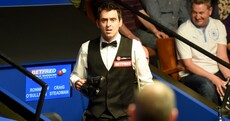 Ronnie O'Sullivan plays Crucible opener in his socks, borrows shoes from tournament director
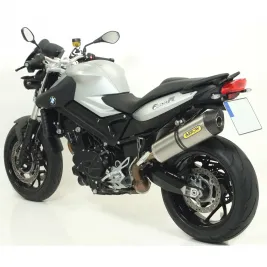Arrow Bmw F 800 R 09 - 2016 Terminale Di Scarico Moto Marmitta Race-Tech Titanio Omologato 2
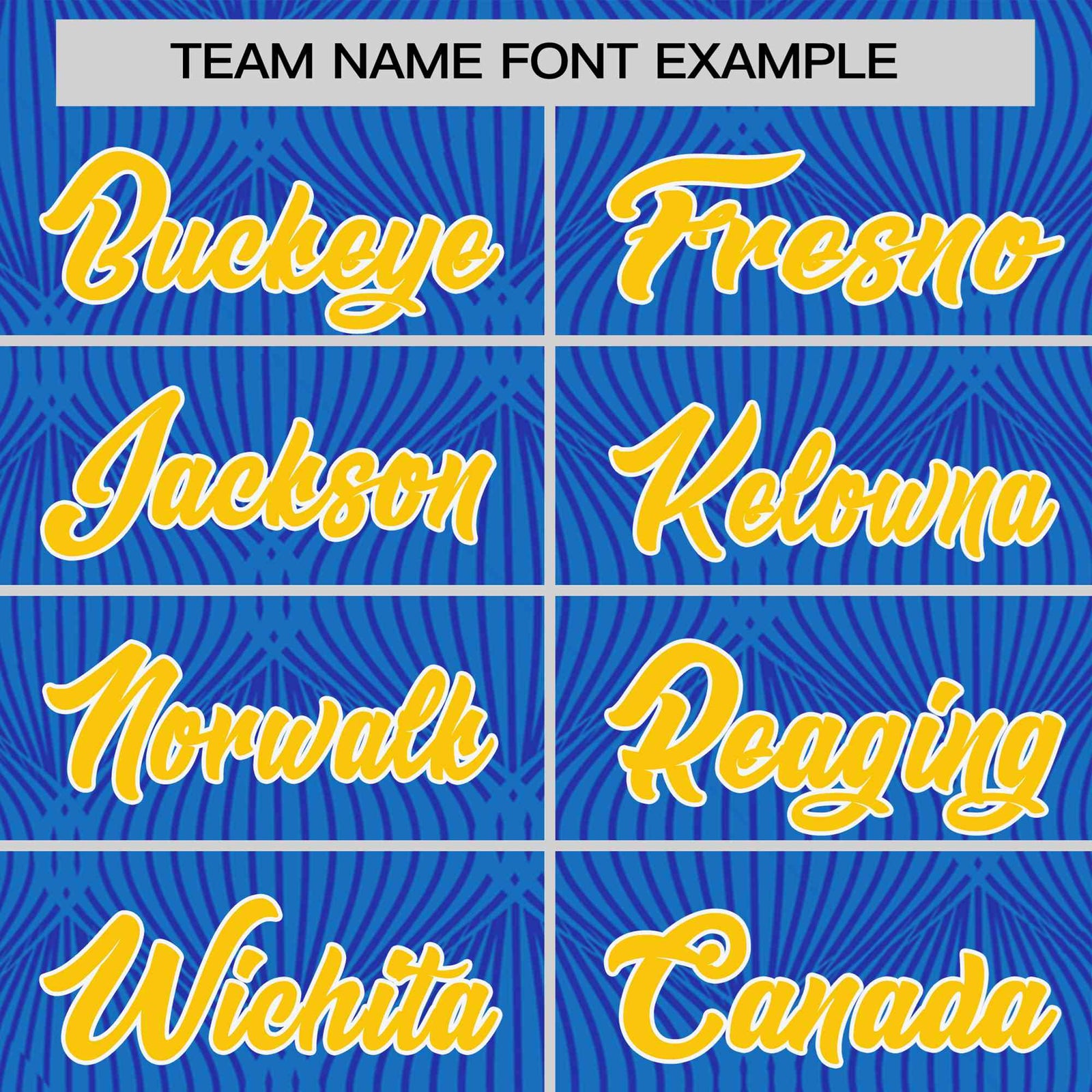 Custom Royal Blue Personalized Line Pattern Performance T-Shirt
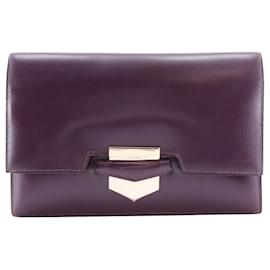 Clutch in pelle Box Bordeaux di Hermès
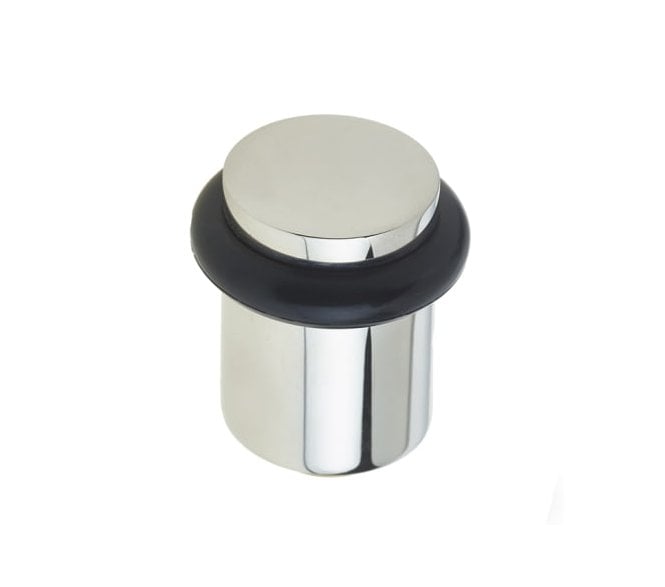 Burlington BUR960 Solid Brass Plain Floor Mounted Door Stop - Polished Nickel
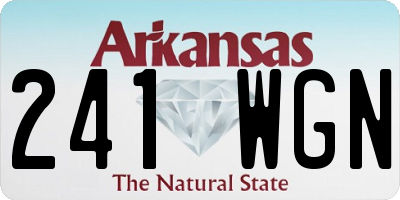 AR license plate 241WGN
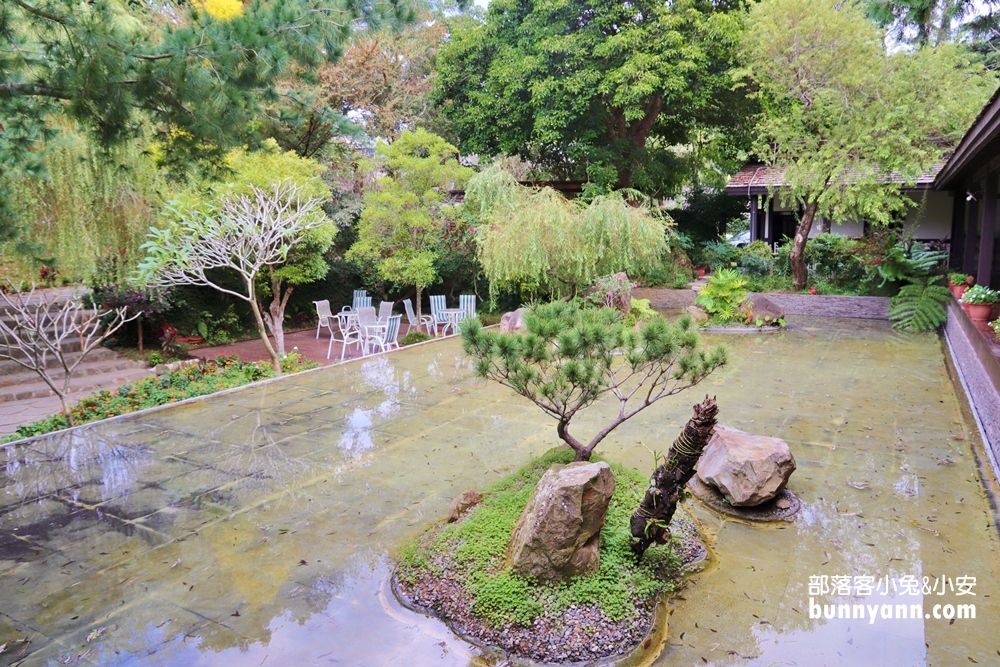 石風溫泉渡假城堡｜超美日式茶屋下午茶，泡完湯暖呼呼好療癒。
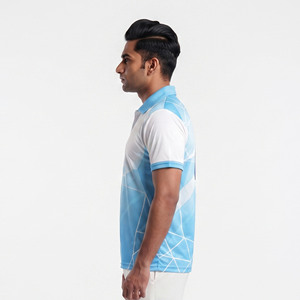 Camiseta de Polo de Críquet con Cuello Camisero para Hombre, Camiseta Deportiva de Entrenamiento de Críquet para Hombre, Camisetas de Críquet de Secado Rápido para Hombre - Product Image 3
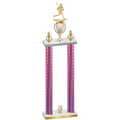 Double Pink Carbon Fiber Year Lacrosse Trophy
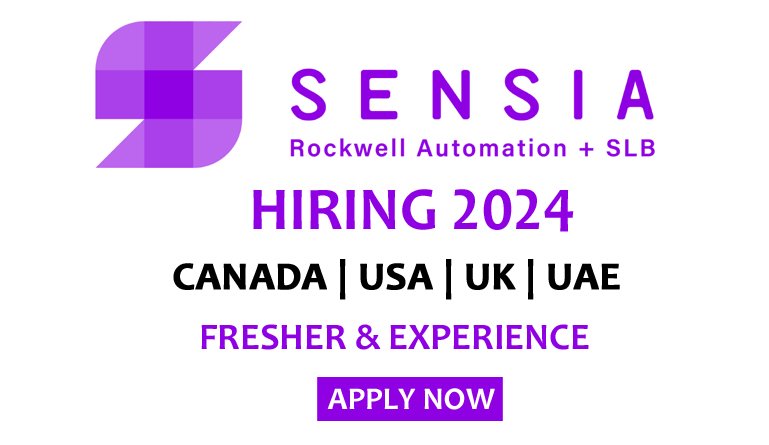 Sensia hiring 2024
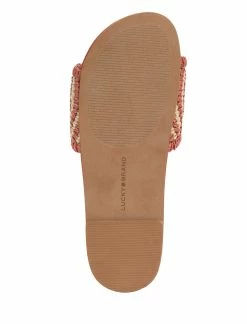 Lucky Brand Raffia Woven Pool Slide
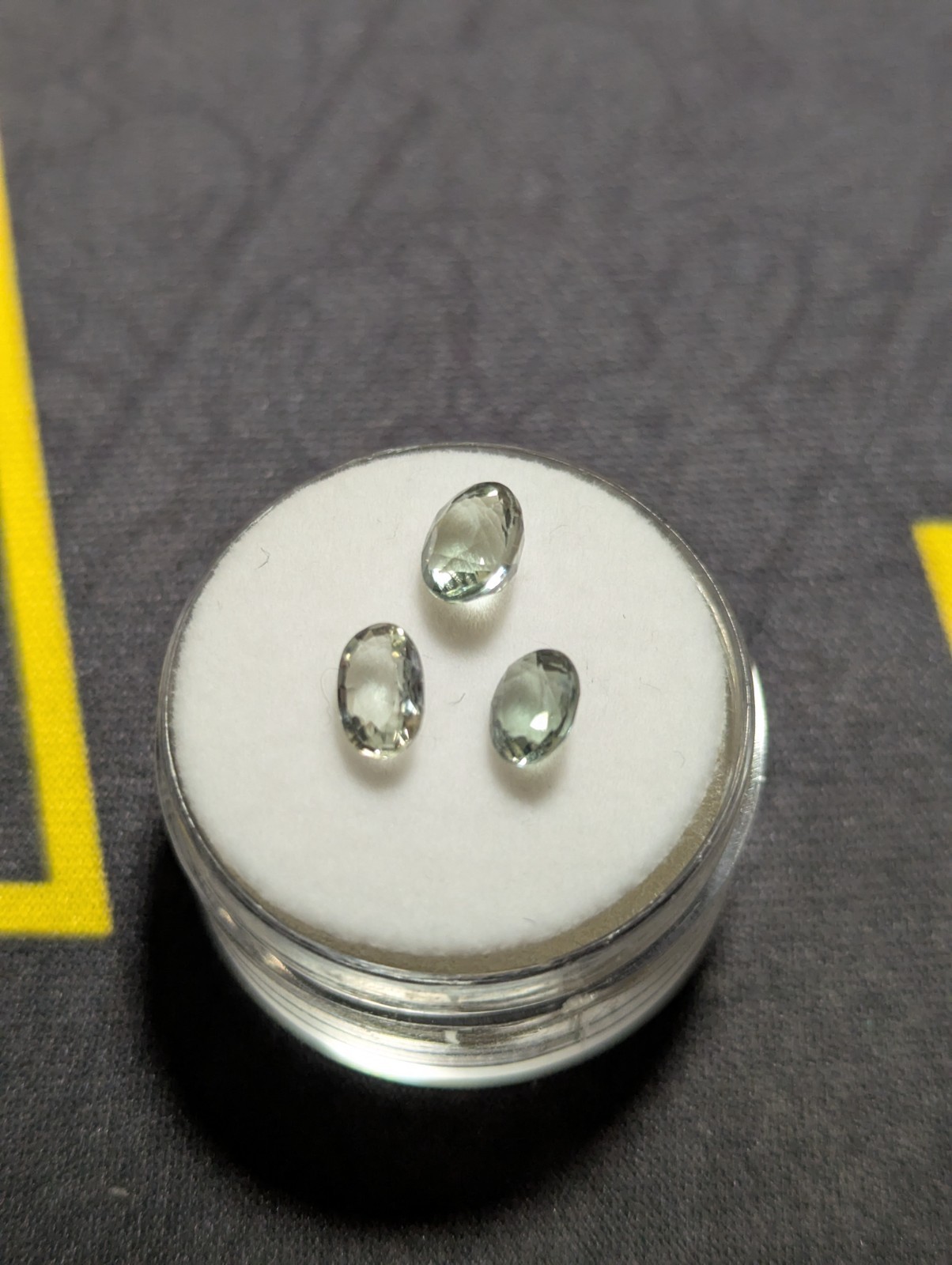 1.98ctw Natural Sage Gray-Green Tourmaline Lot (3) Oval VS Unheated Africa Gem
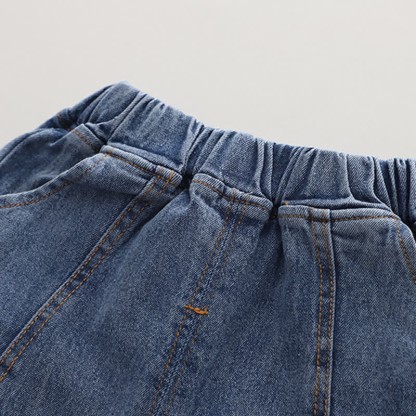 Completo in denim 3 pezzi per bambini con orsetto HUMAN MADE - image 20
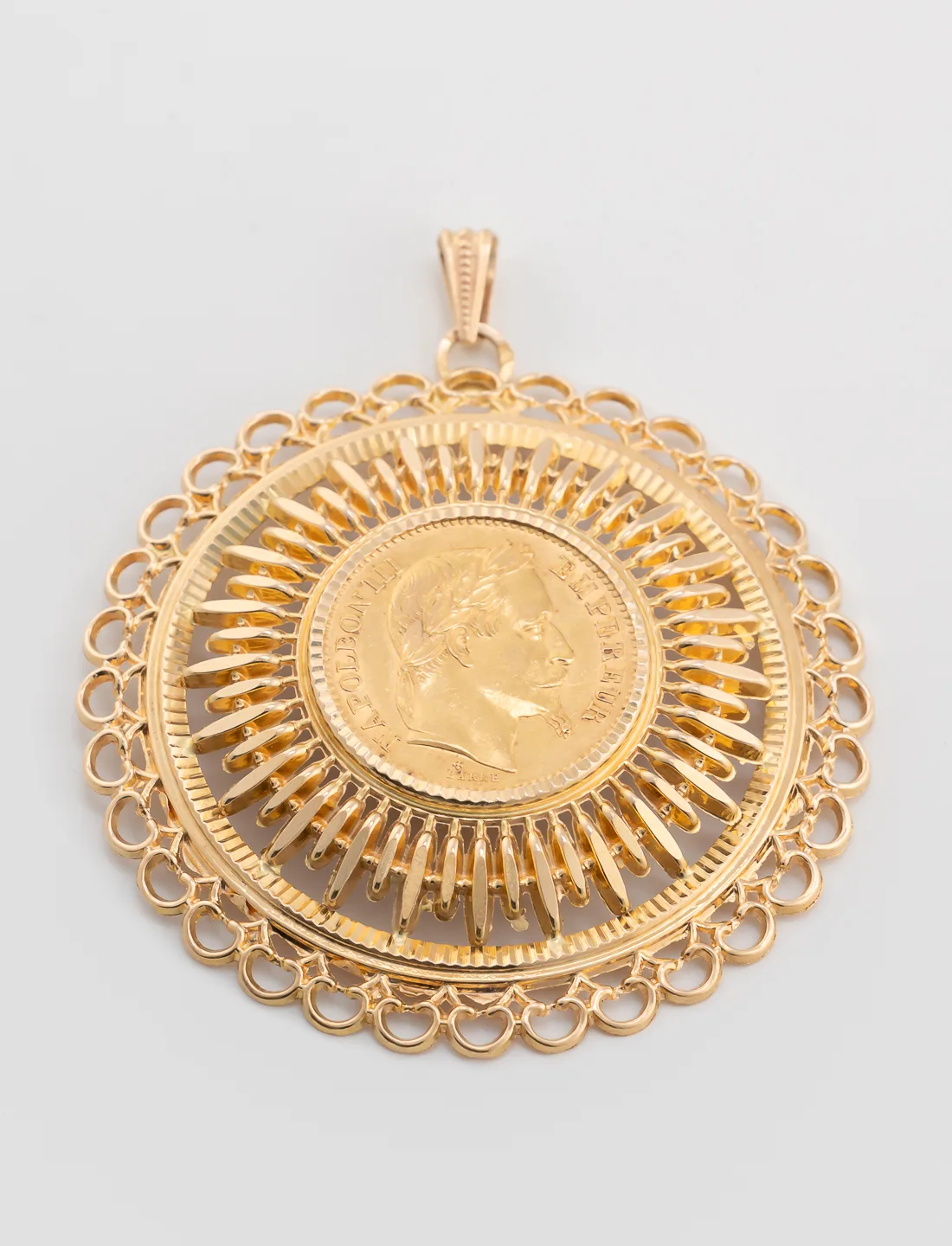 Pendentif Médaille Pièce d'Or Napoléon III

====================

• _What is required_
Here the job is to print the data above exactly, except for any pictures.

• _Response box_
 Ronnie O'Sullivan plays Crucible opener in his socks, borrows shoes from tournament director
Arrow Bmw F 800 R 09 - 2016 Terminale Di Scarico Moto Marmitta Race-Tech Titanio Omologato 2
 Custom Royal Blue Personalized Line Pattern Performance T-Shirt
 Clutch in pelle Box Bordeaux di Hermès
 Burlington BUR960 Solid Brass Plain Floor Mounted Door Stop - Polished Nickel
 AR license plate 241WGN
 石風溫泉渡假城堡｜超美日式茶屋下午茶，泡完湯暖呼呼好療癒。
 Camiseta de Polo de Críquet con Cuello Camisero para Hombre, Camiseta Deportiva de Entrenamiento de Críquet para Hombre, Camisetas de Críquet de Secado Rápido para Hombre - Product Image 3
 Double Pink Carbon Fiber Year Lacrosse Trophy
 Sensia hiring 2024
 Lucky Brand Raffia Woven Pool Slide
 1.98ctw Natural Sage Gray-Green Tourmaline Lot (3) Oval VS Unheated Africa Gem
 Completo in denim 3 pezzi per bambini con orsetto HUMAN MADE - image 20
 Pendentif Médaille Pièce d'Or Napoléon III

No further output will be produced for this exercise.